In June 2004, he was the first reporter to represent ABC News at the former President's home when President Ronald Reagan died in Los Angeles.

In the fall of 2003, Rooney led ABC's coverage of the wildfires that swept through Southern California. He was one of several correspondents who reported on the recall of Gov. Gray Davis and the election of Arnold Schwarzenegger to the Sacramento Statehouse.

Rooney was nominated for an Emmy award in 2002 and 2003.

In recent years he has focused his attention on Hollywood and the entertainment industry. He has reported on smoking in movies, the use of inflatable dummies for crowd scenes, and the explosion of movies based on comic-book characters.

He also reports on general news from the West, everything from forest fires and earthquakes to politics and the art of making sculptures from rusted mufflers. In 1998, he climbed a 180-foot redwood tree to interview tree-sitter Julia "Butterfly" Hill.

In 1997, Rooney reported on the murder of Ennis Cosby, and in June 1994 he was the first ABC News correspondent at the scene of the murders of Nicole Simpson and Ron Goldman.

Stories Rooney has covered include the Oklahoma City bombing; the 1994 rebellion in Chiapas, Mexico; the 1992 Los Angeles riots; and the 1991 Persian Gulf War, while based in Israel, Saudi Arabia and Kuwait.

From Beijing, Rooney contributed to the ABC News' coverage of the 1989 student uprising in Tiananmen Square.
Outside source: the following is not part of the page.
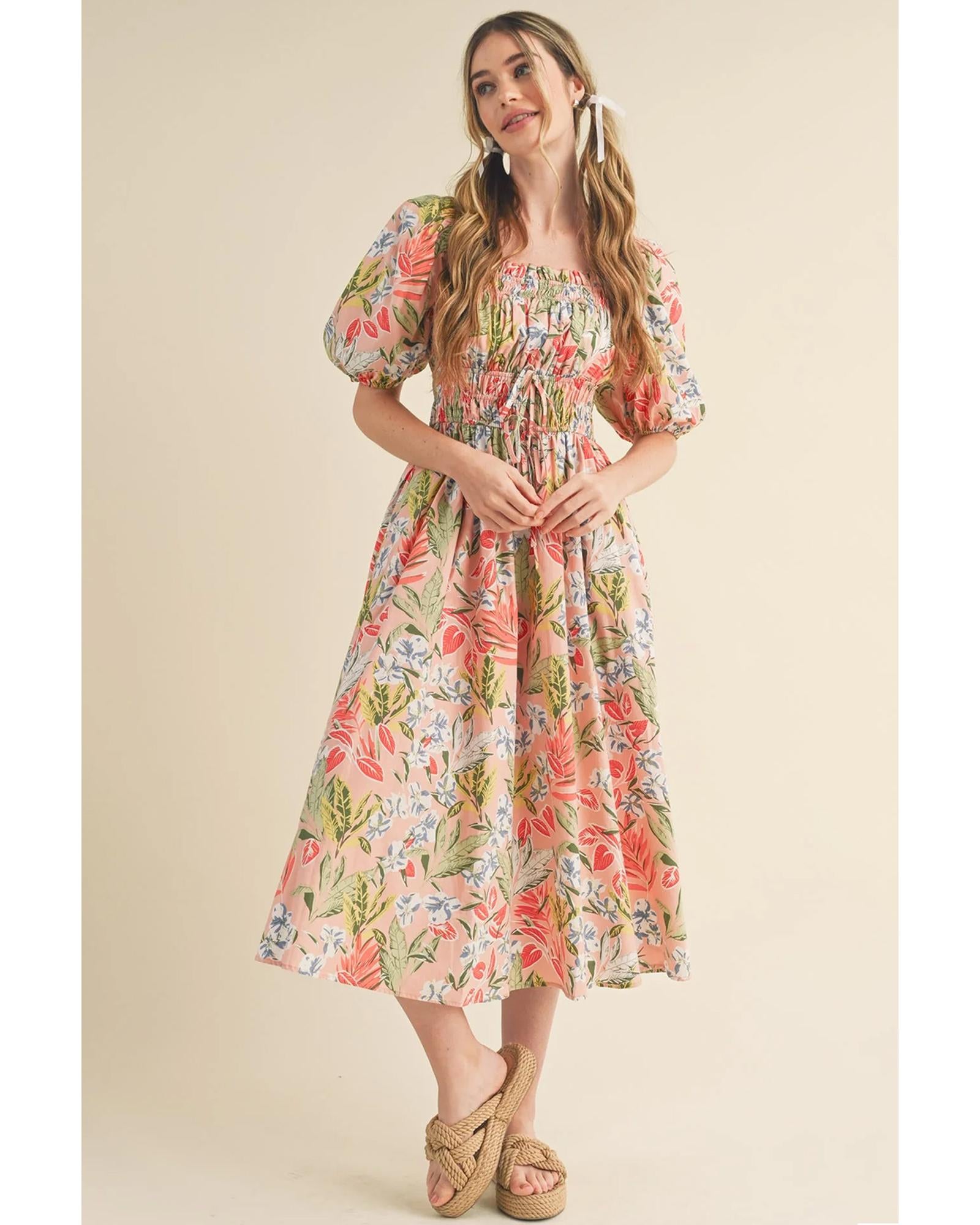 Apricot Pink Floral Smocked Bust Bubble Short Sleeve Maxi Dress - S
He was also one of the first ABC reporters to arrive in San Francisco after the October 1989 earthquake.

Rooney joined ABC News from WBBM-TV in Chicago, where he had been a general assignment reporter since 1985.

From 1981 to 1985, as general assignment reporter for WPRI-TV in Providence, Rhode Island, he covered the indictment of Providence Mayor Vincent Cianci, corruption in the Department of Public Works, and local and national election campaigns.